November 16, 2017 - Last week, new U.S. CLO issuance climbed past $100 billion and this week, it’s aiming for $105 billion. And this understates actual activity as there also has been $95 billion of refinancing activity and $45 billion of resets, according to Deutsche Bank stats. According to LCD, the market is up 80% relative to 2016. And, with about four weeks of actual worktime remaining, 2017 is not that far off from 2014’s record $124 billion. But will we get there? Probably not, say CLO analysts. BAML, Deutsche Bank and Nomura all have their updated 2017 CLO forecasts in the $110 billion context.
While likely not a record year, it is nonetheless impressive how CLOs have recovered from the risk retention shock. Still, the “brain damage” is reputed to be considerable and the recovery has not been equally shared. A glance at slide 70 of ThomsonReuters LPCs’ September 2017 Leveraged Loan Monthly shows that the top 10 CLO managers enjoyed a 35% new issue market share in the first three quarters of 2017. For 2016, the Big Ten held less than 29% of the new issue market. Thus, as has been anecdotally reported, CLO management is becoming more concentrated.

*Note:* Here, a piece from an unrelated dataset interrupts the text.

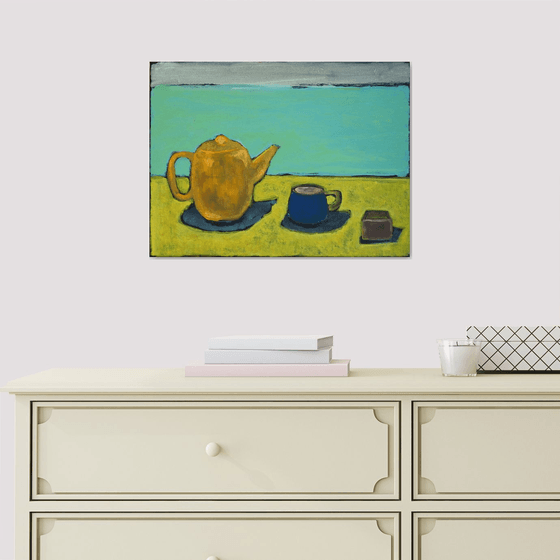 Eau de Nil on black canvas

What happens if risk retention is scaled back? Managers we speak with evidence great interest in this. Managers are happy that more permanent capital has entered the space and a number say they might continue to technically retain risk even if the rules were rolled back. However, most note that accessing risk retention capital is very expensive; moreover, there is extensive “brain damage” involved in complying with all the nuances of the risk retention rule, including disclosure and fair value calculations. Even if they retained, managers wouldn’t miss jumping through these hoops.
Citi notes that were risk retention rolled back, more managers might re-enter the space, CLO equity – which has become scarce following risk retention – would become more widely available, and the world might split into “dual-compliant” and “non-compliant” CLOs (with bifurcated pricing).